**Work instructions**:
Nothing but text lines should be duplicated: start with the first line of the listing below and stop after the line holding "Transport icons N10", omitting pictures.

**Material for this task**:

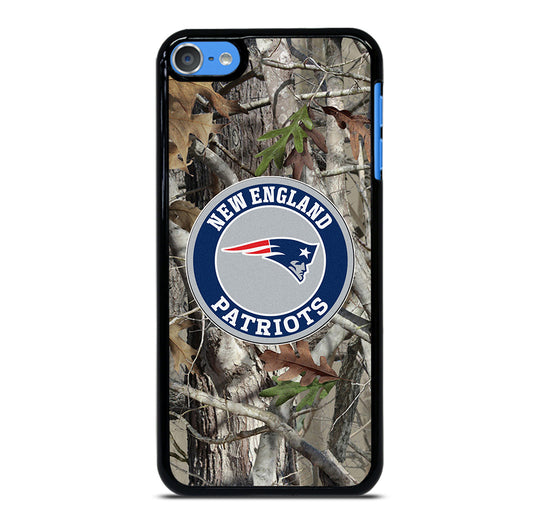 NEW ENGLAND PATRIOTS TREE CAMO iPod Touch Case Cover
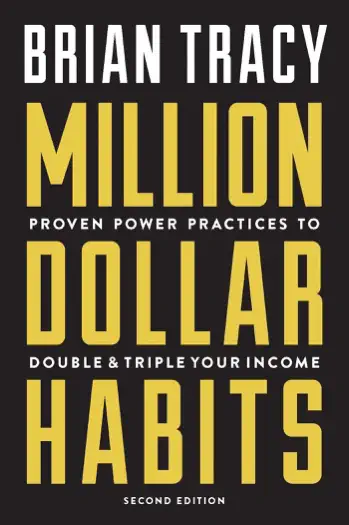 Million Dollar Habits by Brian Tracy, book cover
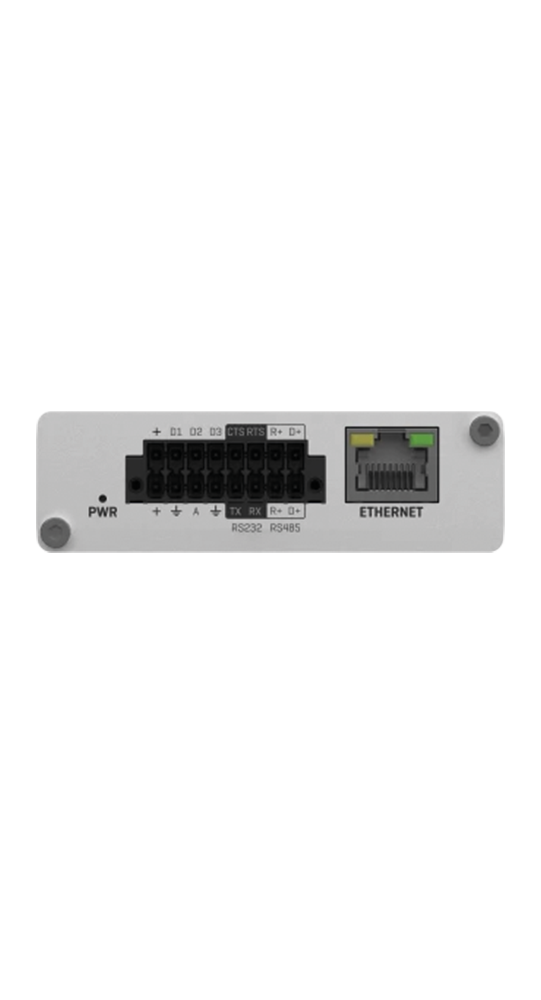 Teltonika DSL/WLAN Module TRB255 Industrial M2M Gateway Silber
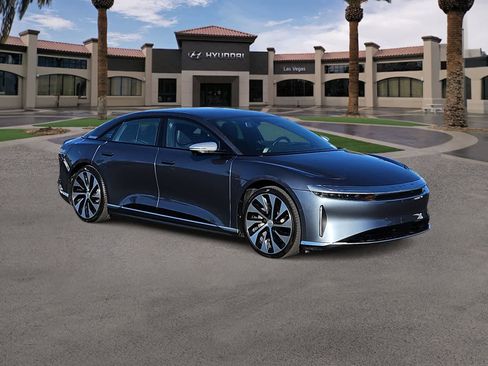 Used 2024 Lucid Air Grand Touring AWD/4WD image 2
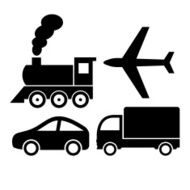 Transport icons N10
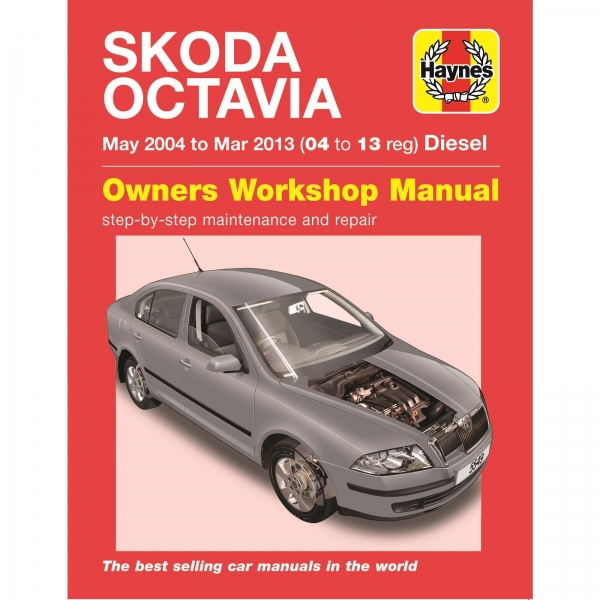 Skoda Octavia II 5.2004-3.2013 Diesel Kombi Fließheck Reparaturhandbuch Haynes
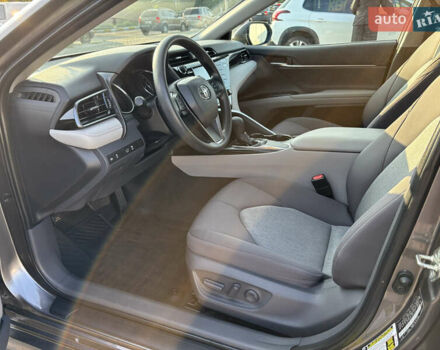 Серый Тойота Камри, объемом двигателя 2.49 л и пробегом 44 тыс. км за 22499 $, фото 56 на Automoto.ua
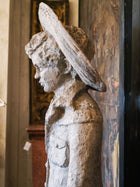 Statue of a Tall Boy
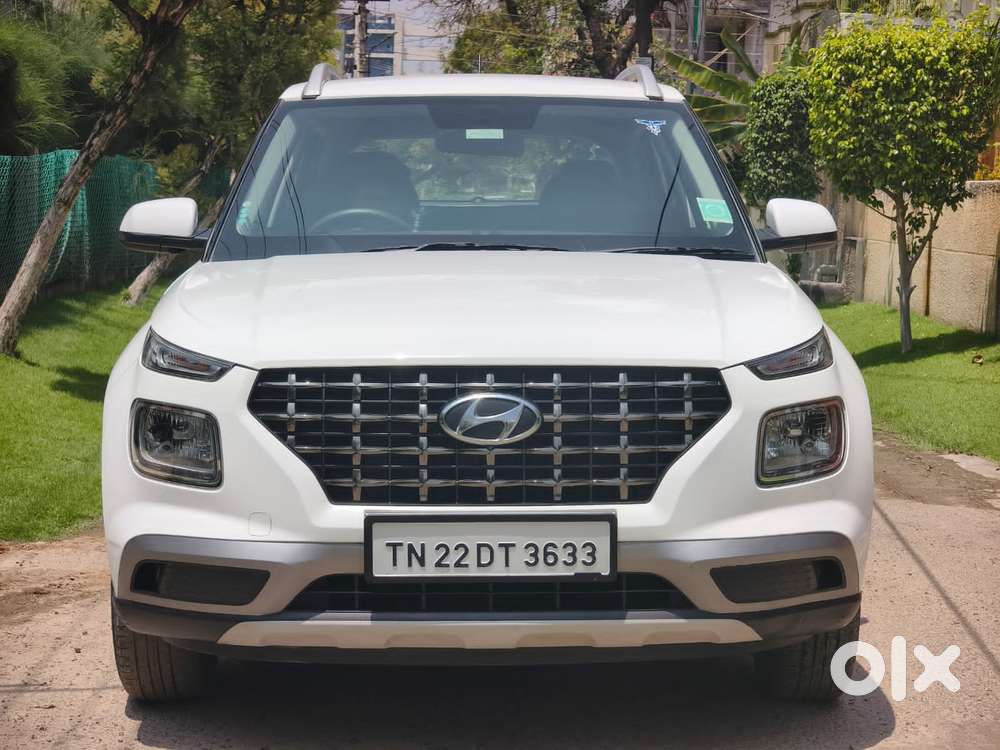 Hyundai Venue S 1.2 Petrol, 2020, Petrol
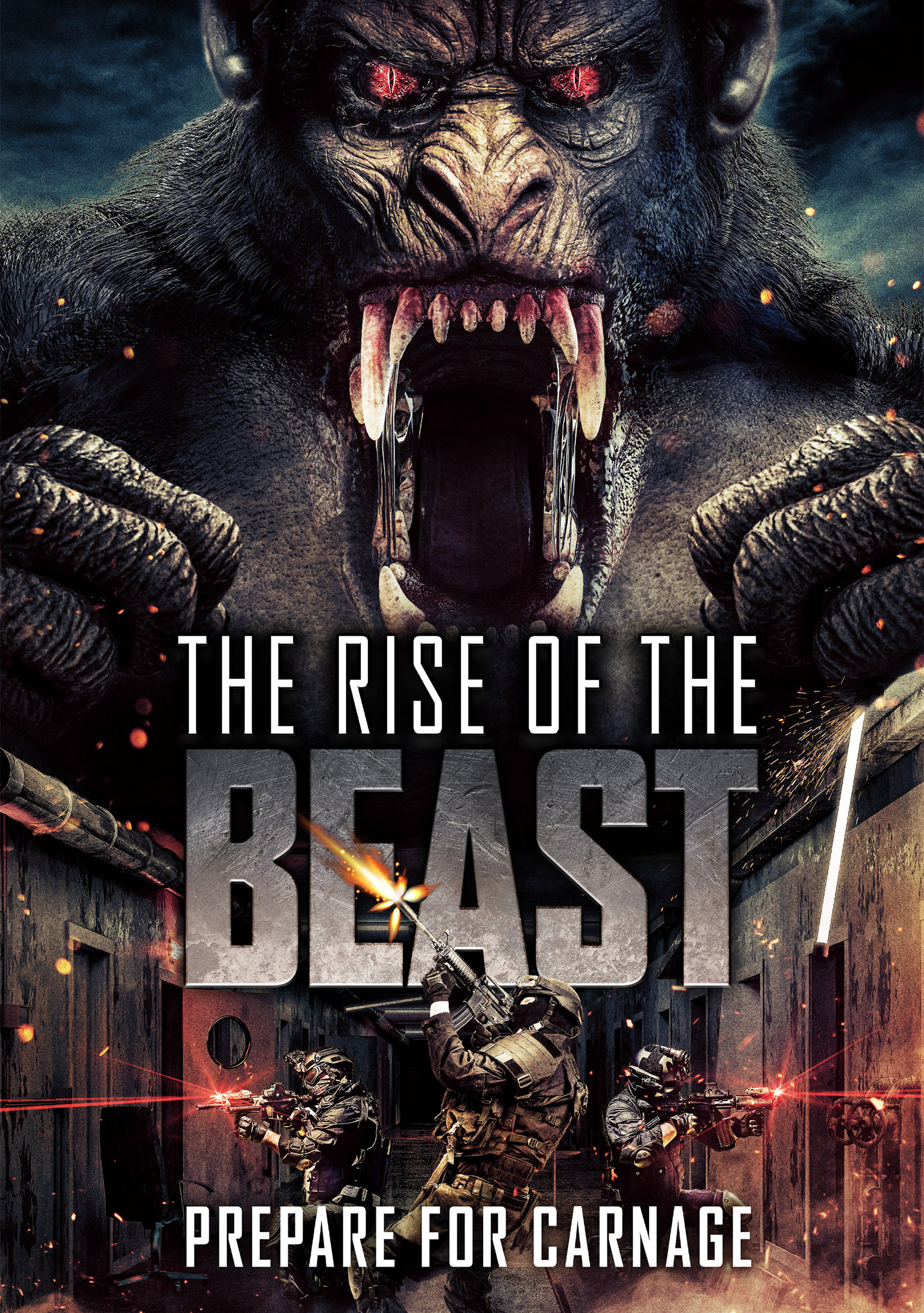 The Rise of the Beast - Key Art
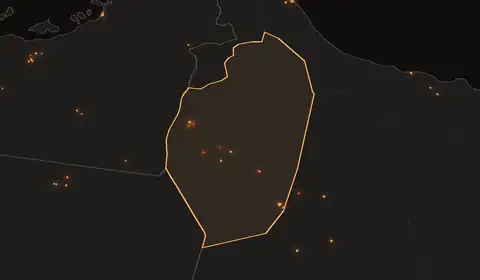 Wildfires in Ad Dhahirah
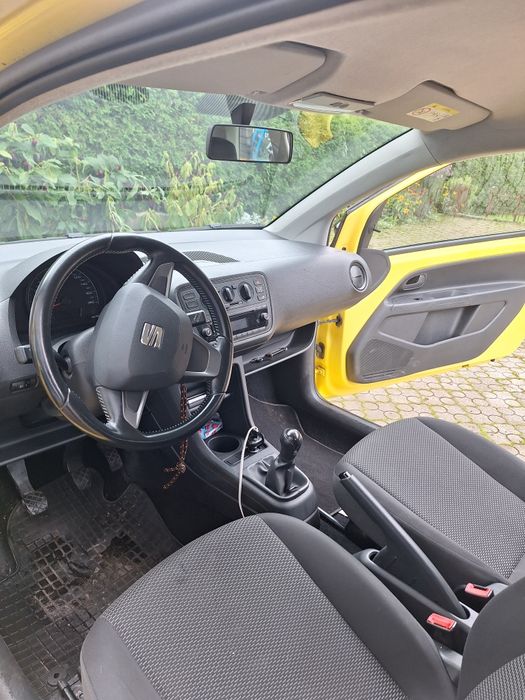 Seat mii 1.0 2018 rok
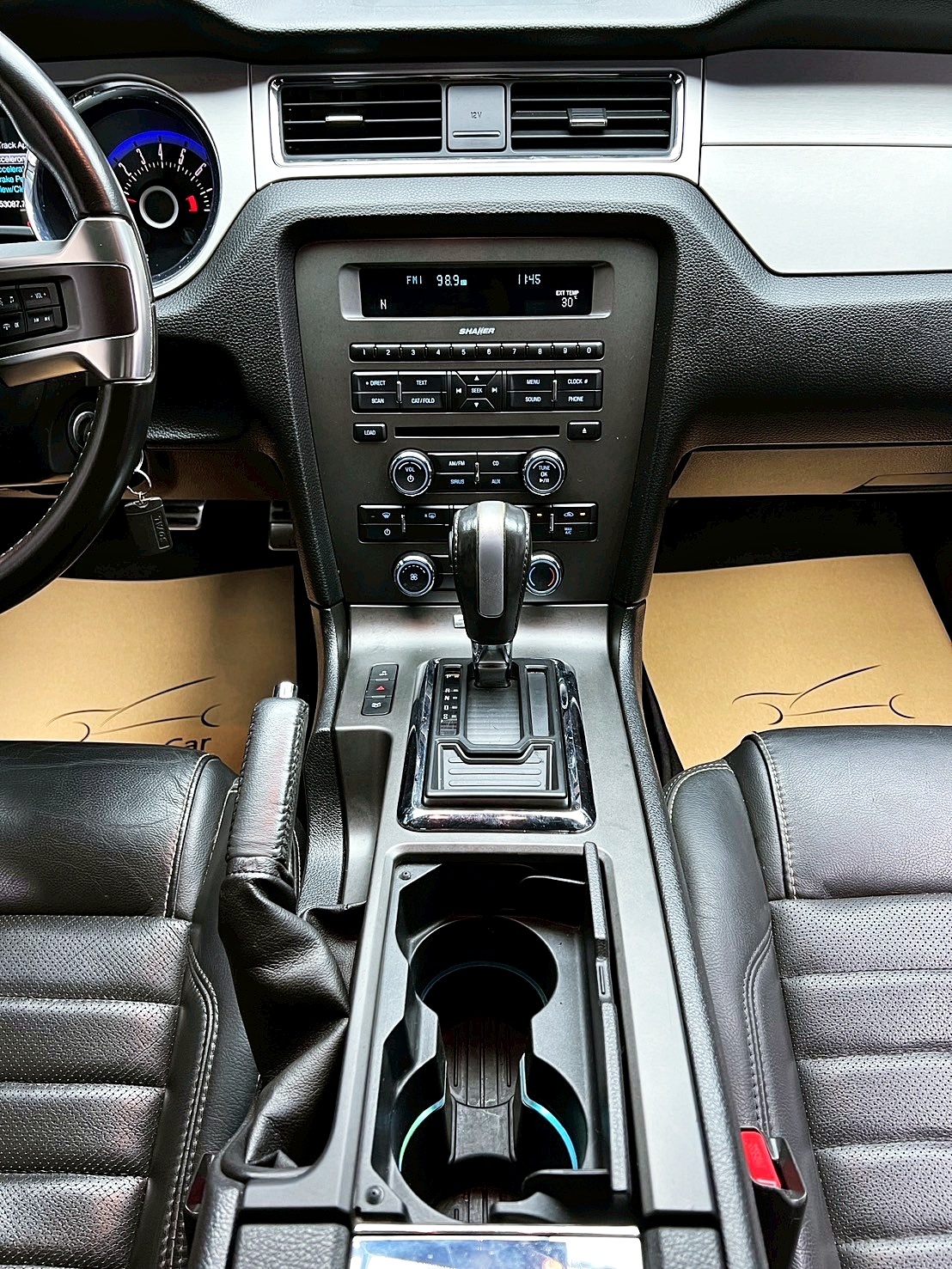 可回原廠 2012 Ford Mustang V6引擎『小李經理』元禾國際車業/特價中/一鍵就到  第9張相片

**Expected answer**:
 NEW ENGLAND PATRIOTS TREE CAMO iPod Touch Case Cover
 Million Dollar Habits by Brian Tracy, book cover
 Teltonika DSL/WLAN Module TRB255 Industrial M2M Gateway Silber
 Used 2024 Lucid Air Grand Touring AWD/4WD image 2
 Transport icons N10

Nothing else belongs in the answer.